Colorimetric mercury detection with enhanced sensitivity using magnetic-Au hybrid nanoparticles

Due to the neural toxicity of mercury, there is a need for the development of on-site detection systems for Hg2+ monitoring. To this end, a new colorimetric mercury detection probe, Fe3O4@SiO2@Au (magnetic-Au; Mag-Au) hybrid nanoparticles, has been developed. The Au on the surface of Mag-Au is an indicator of Hg2+, which forms an AuHg alloy (amalgam) on their surface (Mag-Au@Hg), with excellent peroxidase-like activity. The oxidation of 3,3 ',5,5 '-tetramethylbenzidine by Mag-Au@Hg resulted in a color change of the indicator solution, which was enhanced with increasing Hg2+ concentration. Mag-Au can be used to detect Hg2+ at nanomolar concentrations. Additionally, magnetic separation can be used to easily purify and concentrate the Mag-Au@Hg from samples, and thus avoid interference from unwanted residues or colored samples. The feasibility of Mag-Au for Hg2+ detection was tested with an artificial urine solution and it can be used to detect Hg2+ in various real samples, such as river water, seawater, food, and biological samples.

Automated summary

Due to the neural toxicity of mercury, a new colorimetric mercury detection probe, Fe3O4@SiO2@Au (magnetic-Au; Mag-Au) hybrid nanoparticles, has been developed for on-site detection of Hg2+. The presence of Hg2+ forms an AuHg alloy (amalgam) on the surface of Mag-Au, with excellent peroxidase-like activity.
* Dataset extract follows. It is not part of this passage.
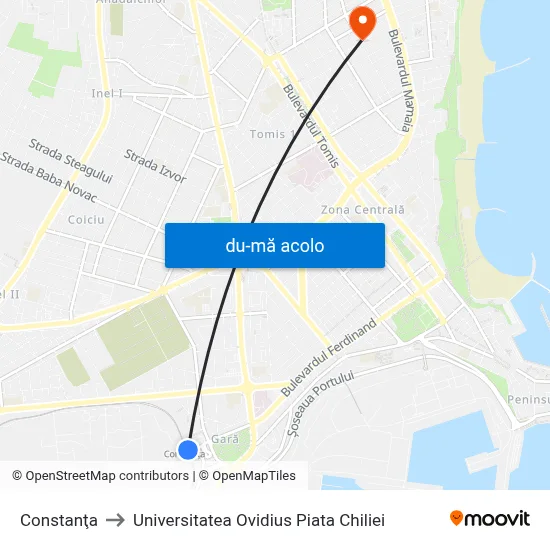 Harta de Constanţa către Universitatea Ovidius Piata Chiliei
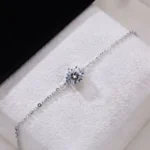 Classic Six Prong Moissanite Charm Bracelet 925 Silver - Image 3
The oxidation of a substrate leads to a color change, allowing the detection of Hg2+ at nanomolar concentrations. Magnetic separation can be used to purify and concentrate the Mag-Au@Hg from samples, avoiding interference from unwanted residues or colored samples. The feasibility of Mag-Au for Hg2+ detection has been validated with artificial urine solution and can be applied to various real samples.